Flying, after all, has never been safer. 2017 was the best year in history for commercial flight safety. If you step foot on an airplane today, the probability of a fatal accident is 1 in 16 million. Driving, in contrast, is one of the most dangerous things we do on a daily basis. Roughly 1.3 million people die every year in car accidents.

I can go on, but I won’t. You already know: Flying is exponentially safer than driving.

Yet telling someone that they should “sit back, relax, and enjoy the flight” can feel like being ordered to stay dry in a rainstorm. We suffer airplane rides more than we live through them. I’ve seen it all, when faced with a heavy patch of turbulence: People calling out for the good Lord, clutching the seat in front of them, or grasping my arm as if I’m the only thing standing between them and a 35,000 foot free fall.
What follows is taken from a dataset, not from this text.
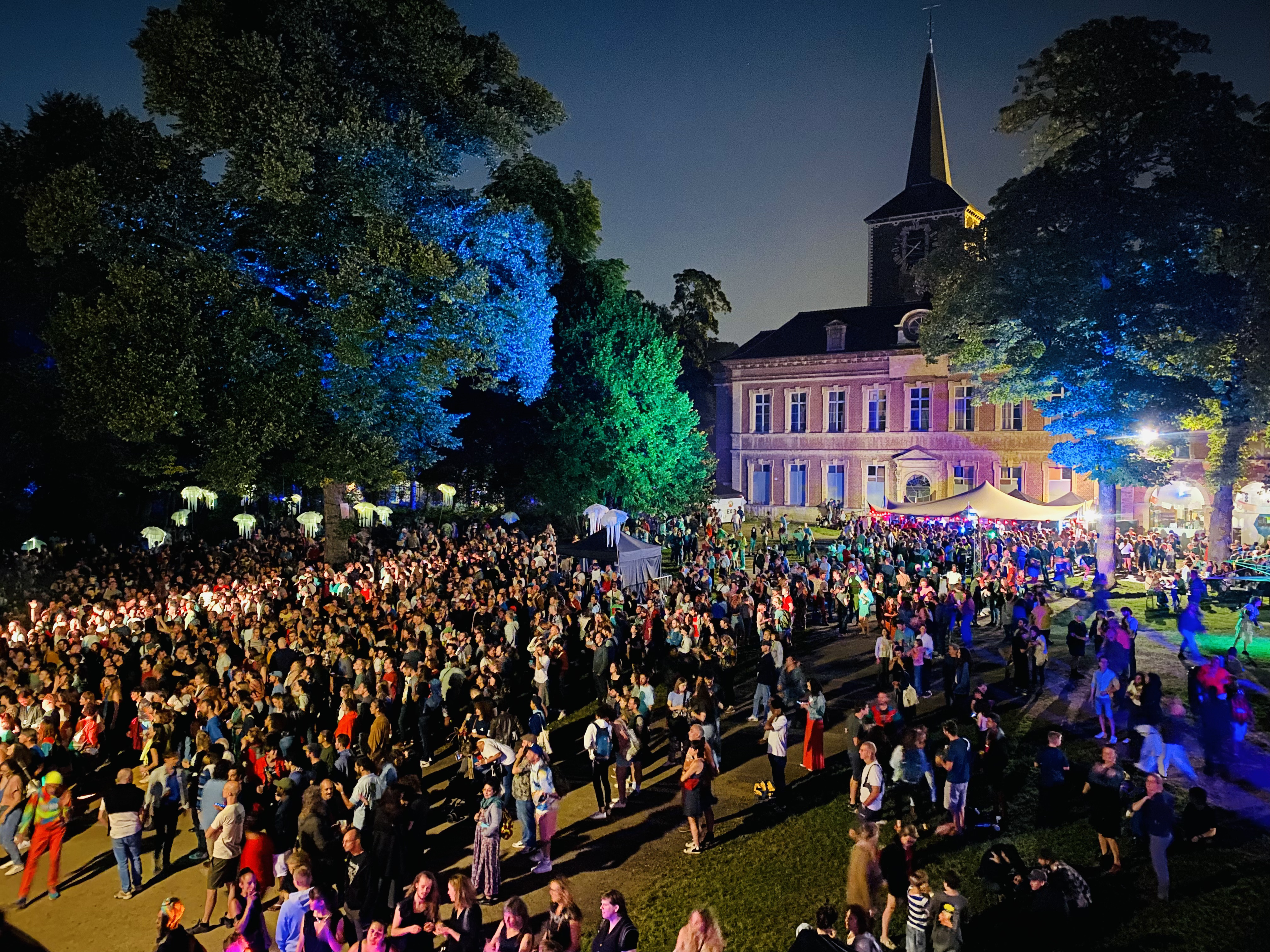 Forest Sounds 2025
The causes for this are multiple. We let our emotions drown out the facts. We don’t feel in control. We can’t see the front of the plane. It defies common sense (though not common physics) for a 80,000 kg airplane to become airborne and stay airborne.

These causes are exacerbated by much of the media—which is now officially in the business of building a dystopia. Tune into any local channel, and if you watch long enough, you’ll hear a variant of the following: Why your sunscreen may be killing you. Stay tuned for news at 8. So we stay tuned, while glancing at the grim reaper lurking in that plastic bottle we picked up on vacation.

As humans, we’re far more attuned to pay attention to morbid news. The media does a spectacular job of exploiting that vulnerability with a flood of sensation and scandal. As Steven Pinker puts it, “[The news] is always about events that happened and not about things that didn’t happen.” The absence of a terrorist attack is not news. The lack of violent unrest isn’t either. The 100,000 airplanes that take off and land safely each day are too mundane to report on (Breaking news: Flight from New York to California lands safely. Stay tuned for exclusive interviews with the crew and passengers.).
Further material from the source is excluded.